In considering a claim of insufficient evidence, a court's review "is limited to a painstaking analysis of the record to determine whether the evidence, when viewed in the light most favorable to the conviction," sufficiently supports the fact-finder's verdict. State v. Webb, 440 N.W.2d 426, 430 (Minn. 1989).
The district court found that
[t]he statutes that relate to handicap [parking zones] do make it a crime to obstruct access to the handicap zone for the purpose of its use. There is nothing in the statute that I could find relative to the painting of marks [next to the designated parking space]. However, I think we do know that a yellow curb means you can't park there and that yellow hacks painting means you cannot park your vehicle there on a road. And I don't know where that is in the statute, but I think it's pretty clear that you can't do that.
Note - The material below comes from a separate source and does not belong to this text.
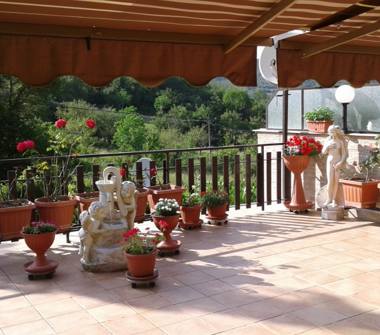 Trilocale in vendita a Pozzaglia Sabina, Frazione Pratarone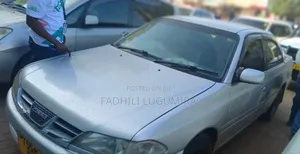 Toyota Carina 2000 Silver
The district court could find nothing in the statute dealing with the yellow diagonal zones because the statute is silent on this issue. Neither the Virginia city ordinances nor the governing state statute specifically addresses the yellow striped zone painted adjacent to a parking space designated for physically disabled persons. The picture of the scene shows only that the wheels of Kortkamp's vehicle were touching the yellow diagonal zone, but the actual designated parking space was not obstructed. There was no sign posted to indicate that parking in the yellow diagonal zone was prohibited. Cf. Minn. R. 1341.0428, subps. 3, 4 (1999) (stating access aisles for designated parking spaces shall have van-accessible sign mounted below white on blue sign to discourage parking in them). First, we disagree with Kortkamp's assertions that the lack of a disabled person's vehicle in the designated space is relevant. The government can enforce handicapped-parking-zone regulations whether another vehicle is present or not. Second, we reject Kortkamp's assertion that he cannot be found guilty because he claims "he did not know" that he had parked on yellow stripes until after he received his ticket. You can inadvertently park in a no-parking zone, but that does not relieve you of liability.
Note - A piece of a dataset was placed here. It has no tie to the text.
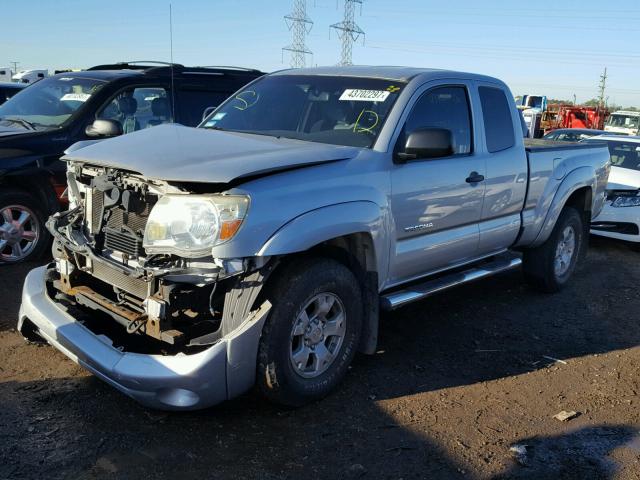 5TEUU42N06Z298547 - 2006 TOYOTA TACOMA SILVER photo 2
Having said that, we conclude that the evidence was insufficient to support his conviction because the controlling statute does not prohibit parking in the yellow diagonal zone adjacent to the designated parking space.
Because there is no applicable city ordinance or state statute that prohibits parking in a yellow diagonal zone adjacent to a parking space designated for physically disabled persons, the evidence was insufficient to support Kortkamp's conviction for obstructing a designated parking space.